Leave every image out, and print the remaining lines below exactly.

[[ Source material, beginning ]]

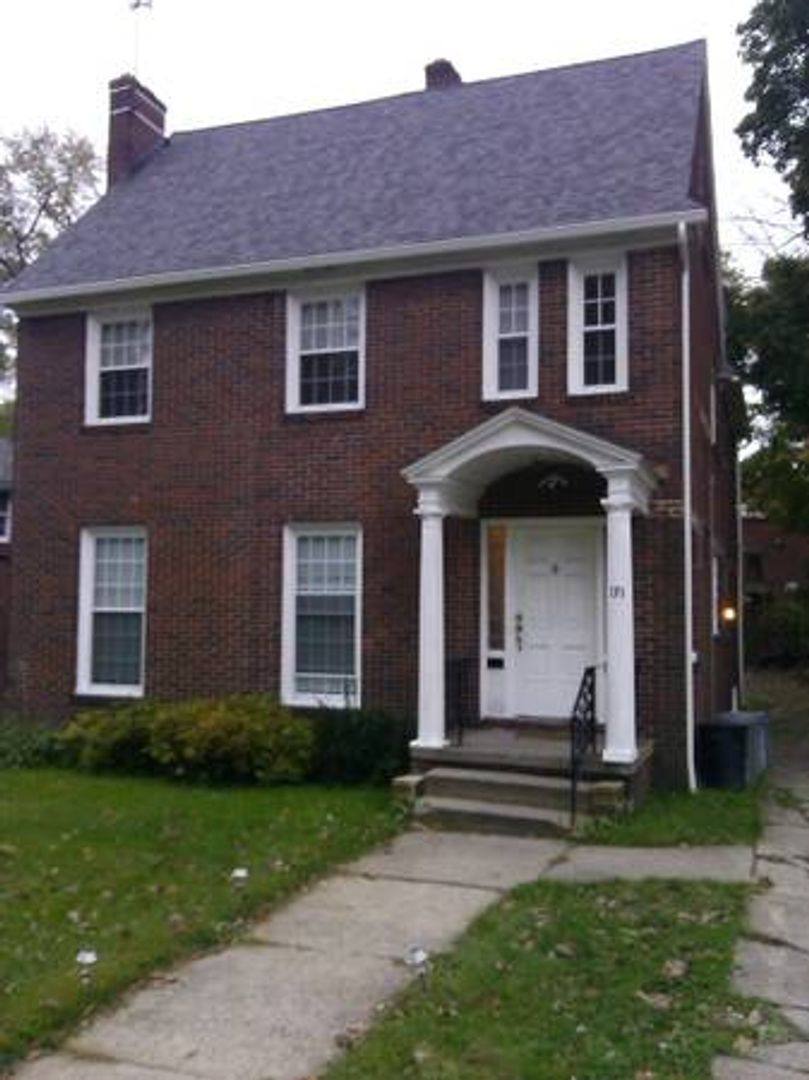 Apartment for rent at 171 Upland Ave, Youngstown, OH 44505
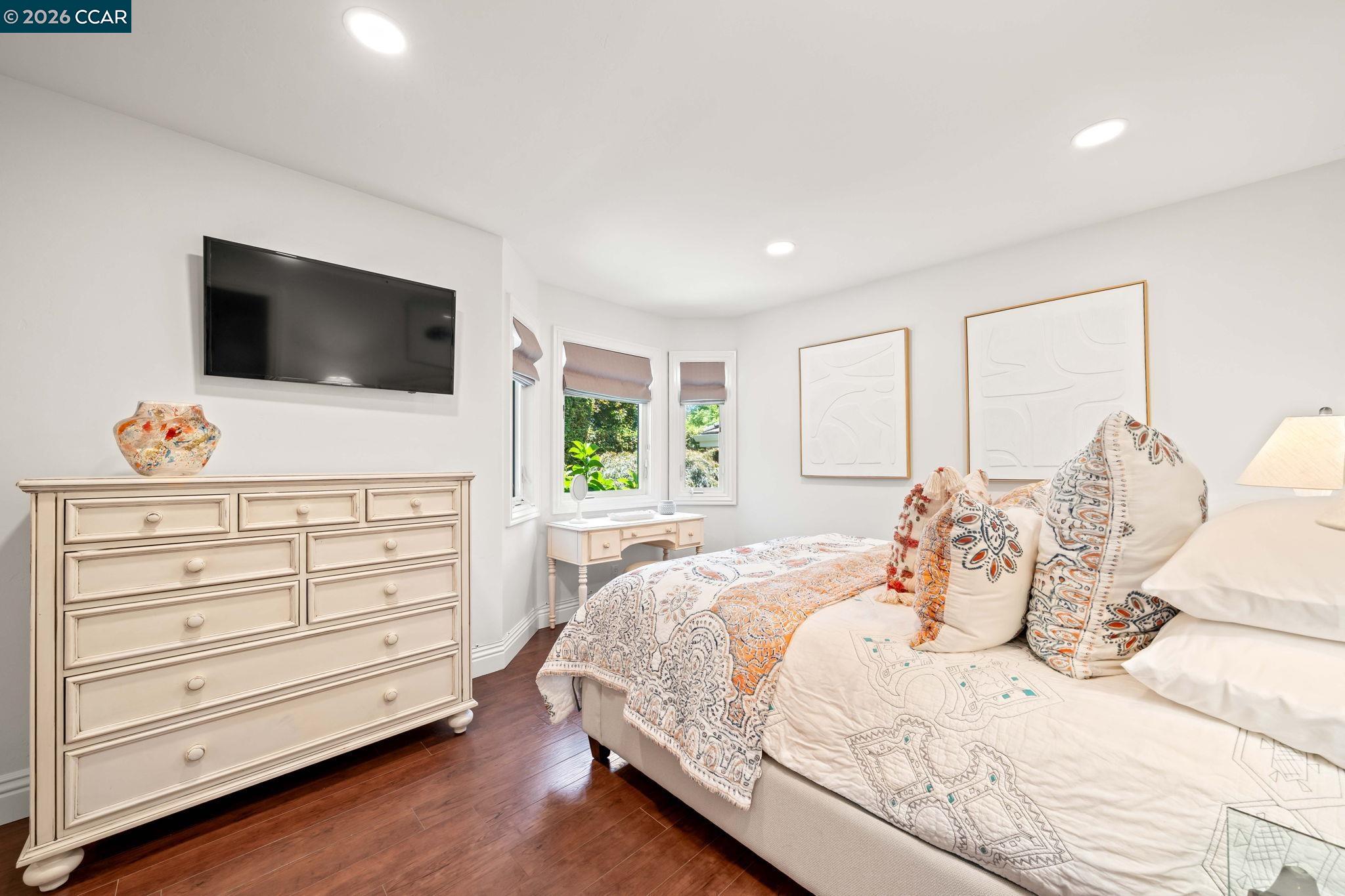 3058 Live Oak Ct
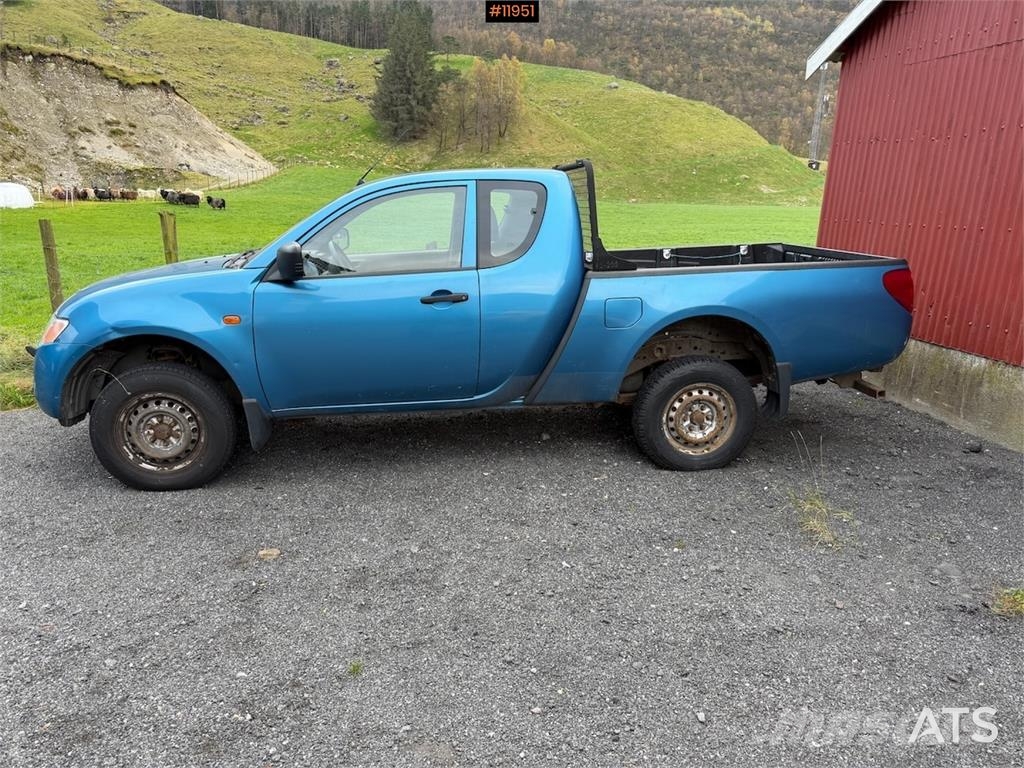 Mitsubishi L200 شاحنة مقفلة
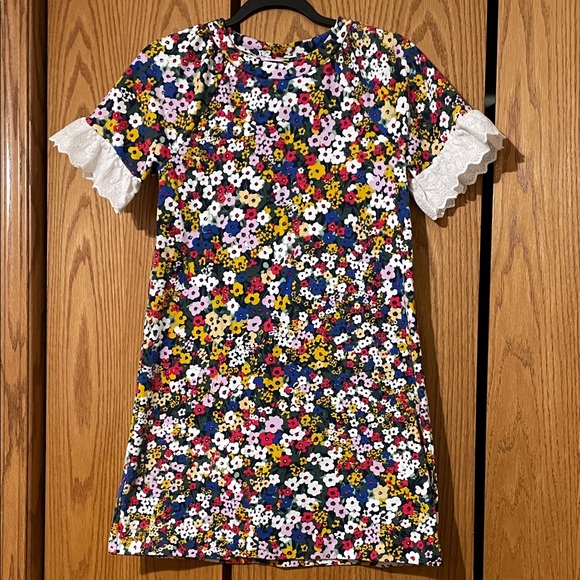 Ann Taylor Dresses & Skirts - Ann Taylor Floral Dress with Lace Sleeves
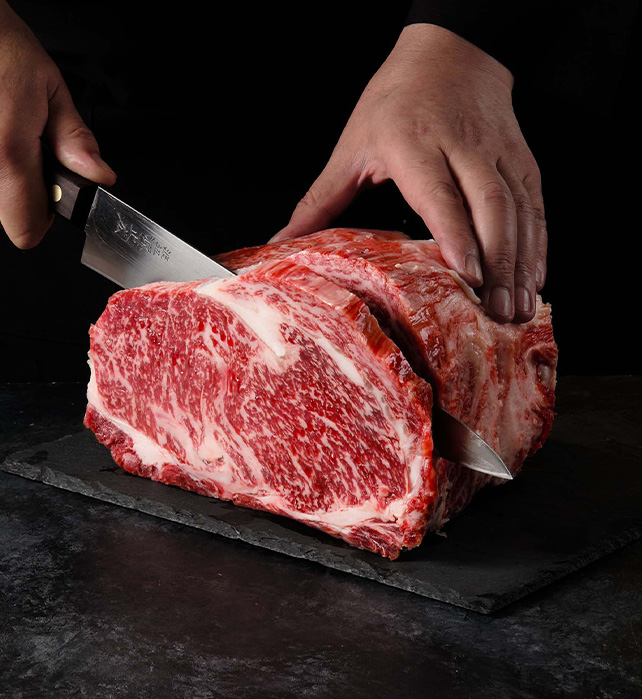 店内で丁寧に手切り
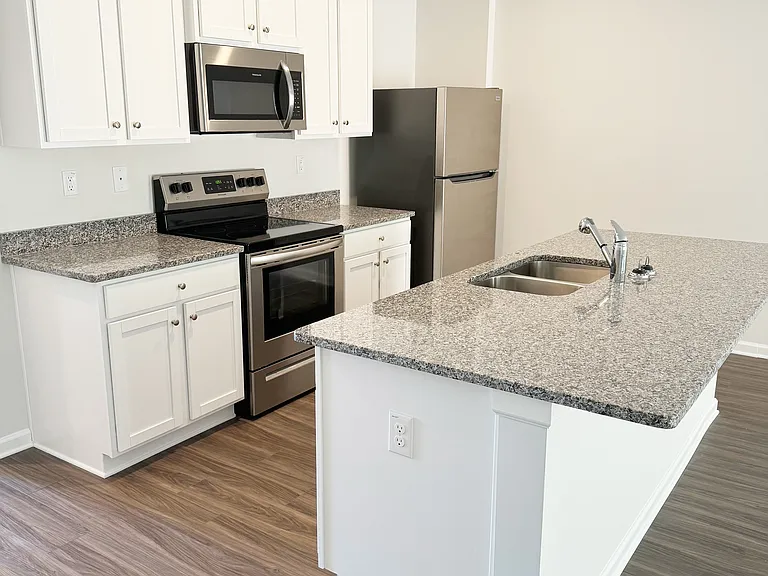 288 Oakwood Dr — Photo 4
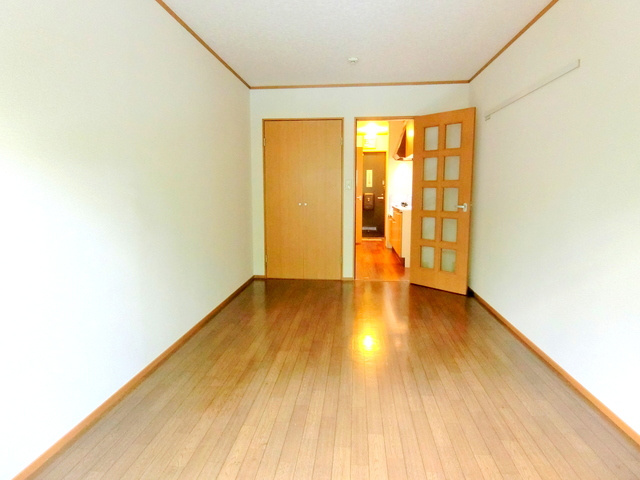メゾン　ド　マルス　の居間・リビング|★レイアウトしやすいお部屋です★
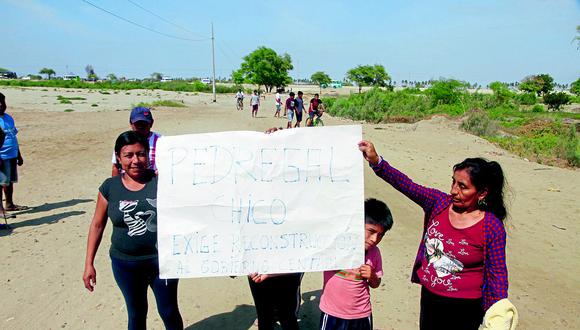 Unos 400 pobladores de Pedregal no han sido incluidos en obra de saneamiento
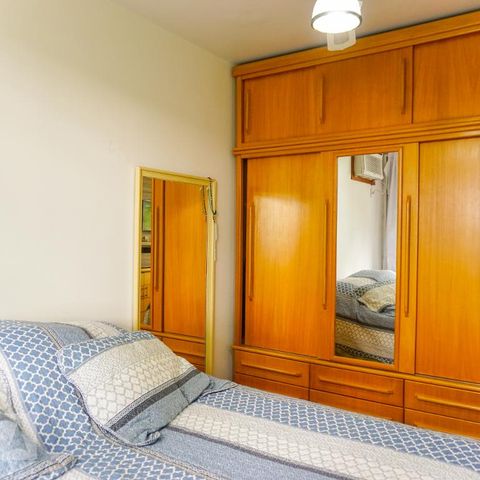Casa de condomínio à venda com 366m², 5 quartos e 4 vagasSuíte
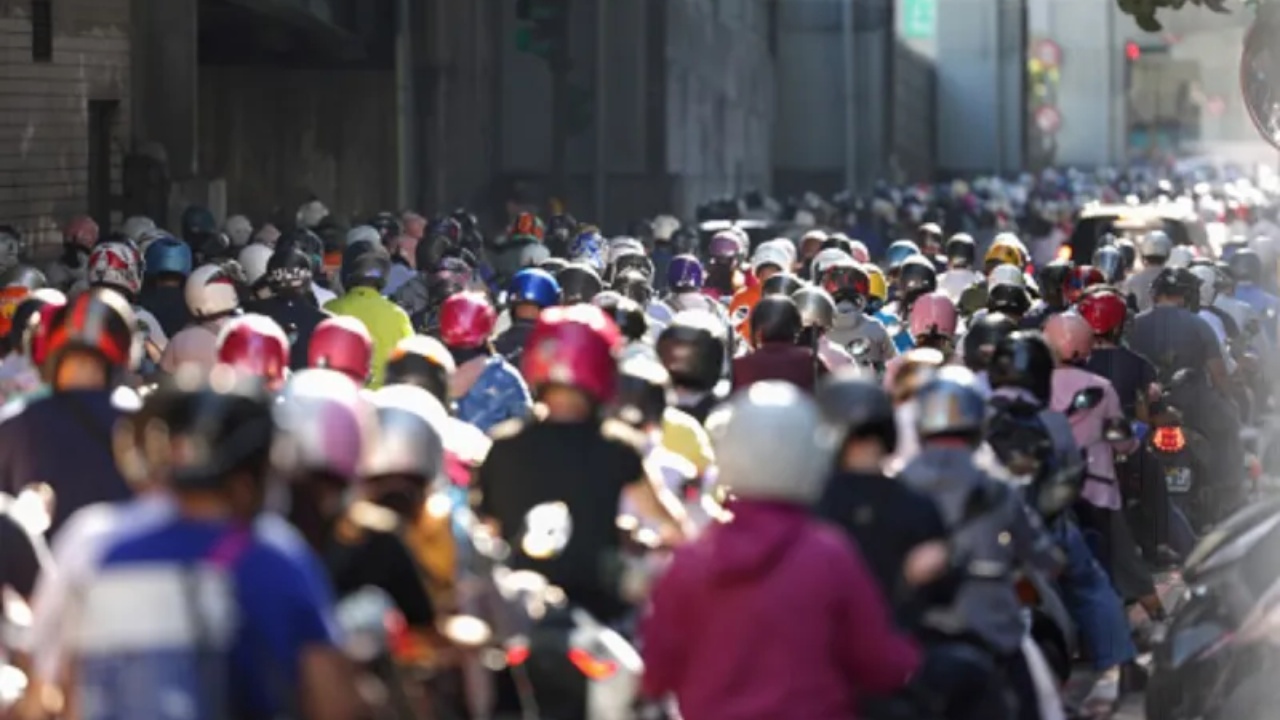 මේ වසරේ මෝටර් සයිකල් 223,423ක් ලියාපදිංචි කරලා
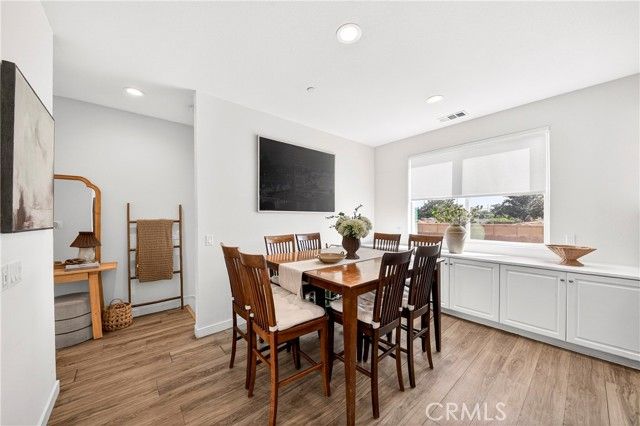 390 N Bellarose Way, Anaheim, CA 92805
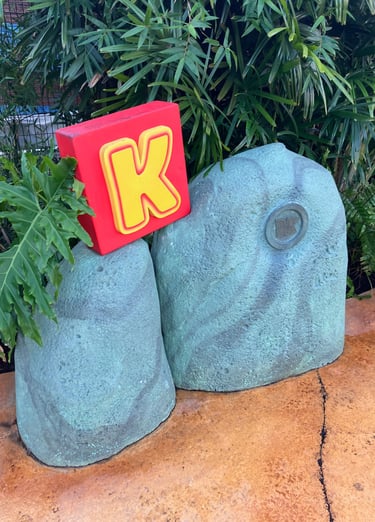 Super Nintendo World - Spelling Kong With Bands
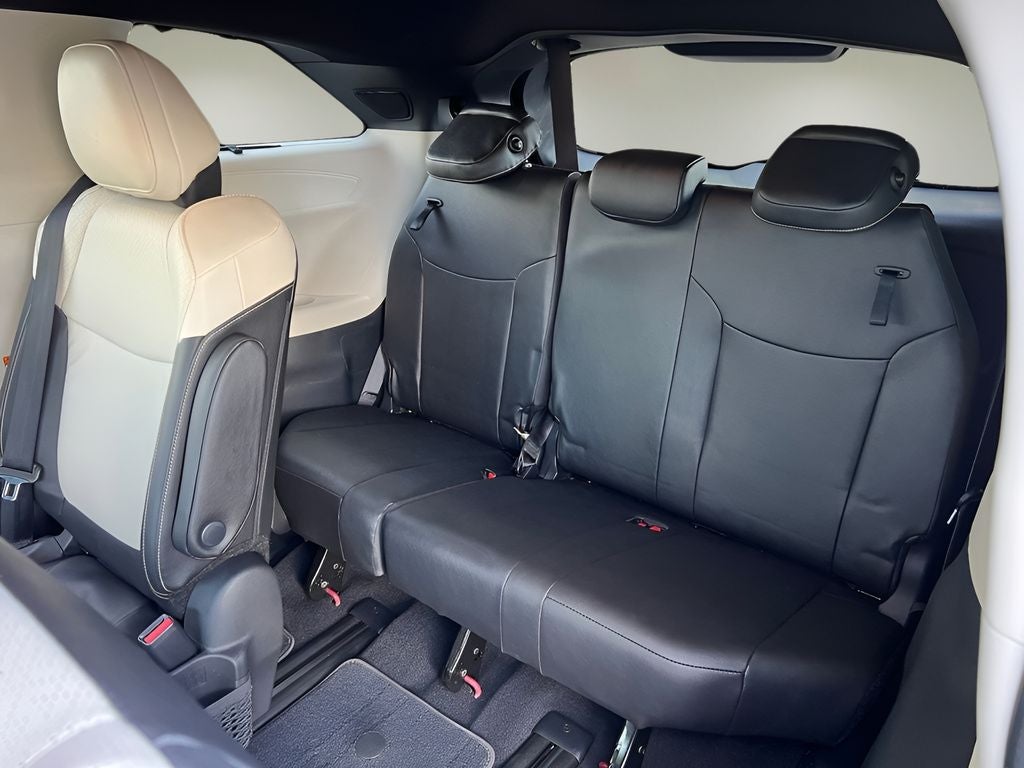 2026 Toyota Sienna Limited 7 Passenger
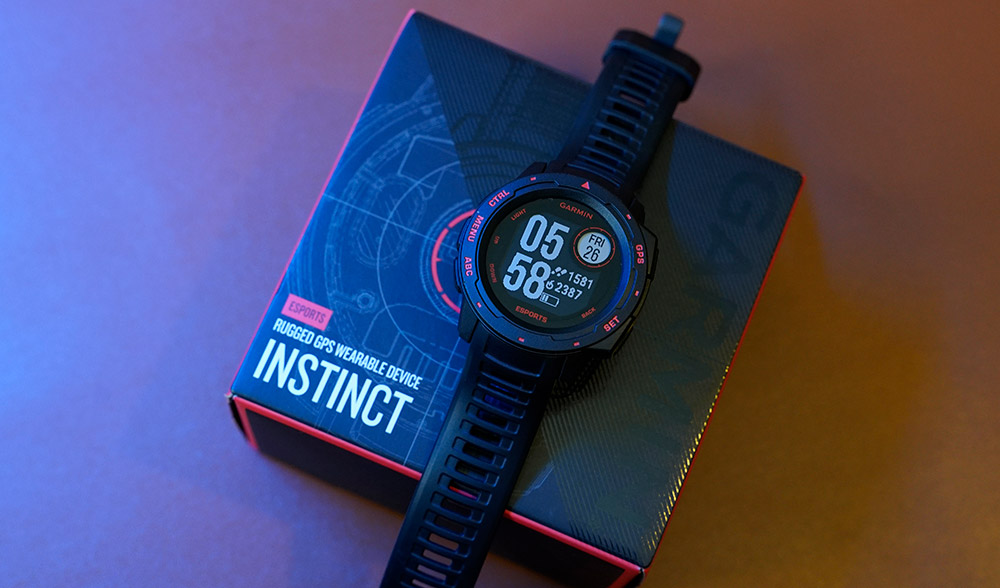 Geek Review: Garmin Instinct – Esports Edition Gaming Smartwatch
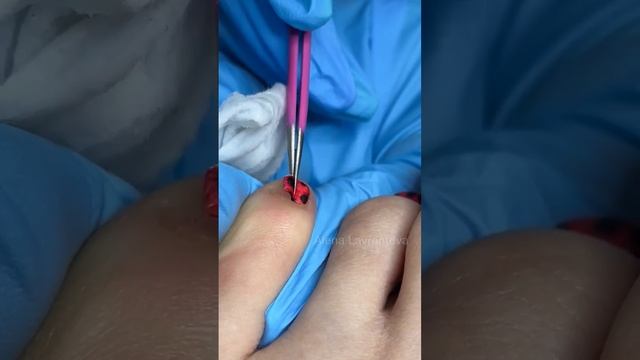 Как снять пленки с ногтей? Дизайн пленки на ногтях #shortsvideo #nails #nailsart смотреть онлайн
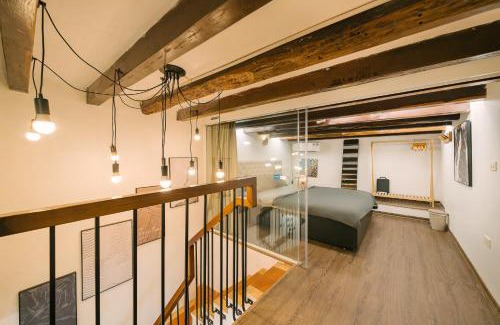 Old Quarter Apartment | Cozy Corner in Old Quarter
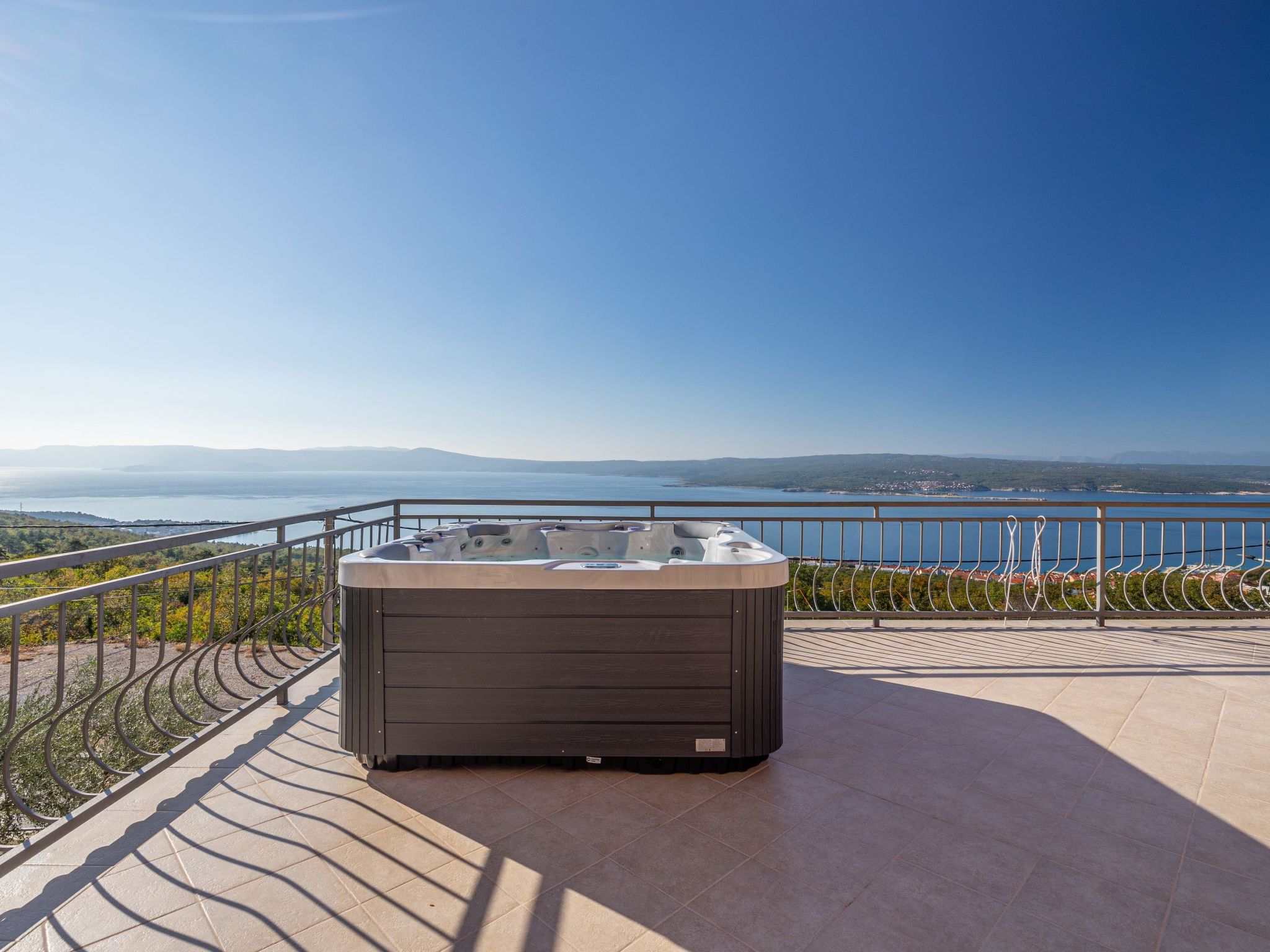 Appartement in Crikvenica mit Großem Garten-Image-tags.info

[[ Source material, end ]]

→ **Reply to the exercise**:
 Apartment for rent at 171 Upland Ave, Youngstown, OH 44505
 3058 Live Oak Ct
 Mitsubishi L200 شاحنة مقفلة
 Ann Taylor Dresses & Skirts - Ann Taylor Floral Dress with Lace Sleeves
 店内で丁寧に手切り
 288 Oakwood Dr — Photo 4
メゾン　ド　マルス　の居間・リビング|★レイアウトしやすいお部屋です★
 Unos 400 pobladores de Pedregal no han sido incluidos en obra de saneamiento
Casa de condomínio à venda com 366m², 5 quartos e 4 vagasSuíte
 මේ වසරේ මෝටර් සයිකල් 223,423ක් ලියාපදිංචි කරලා
 390 N Bellarose Way, Anaheim, CA 92805
 Super Nintendo World - Spelling Kong With Bands
 2026 Toyota Sienna Limited 7 Passenger
 Geek Review: Garmin Instinct – Esports Edition Gaming Smartwatch
 Как снять пленки с ногтей? Дизайн пленки на ногтях #shortsvideo #nails #nailsart смотреть онлайн
 Old Quarter Apartment | Cozy Corner in Old Quarter
 Appartement in Crikvenica mit Großem Garten-Image-tags.info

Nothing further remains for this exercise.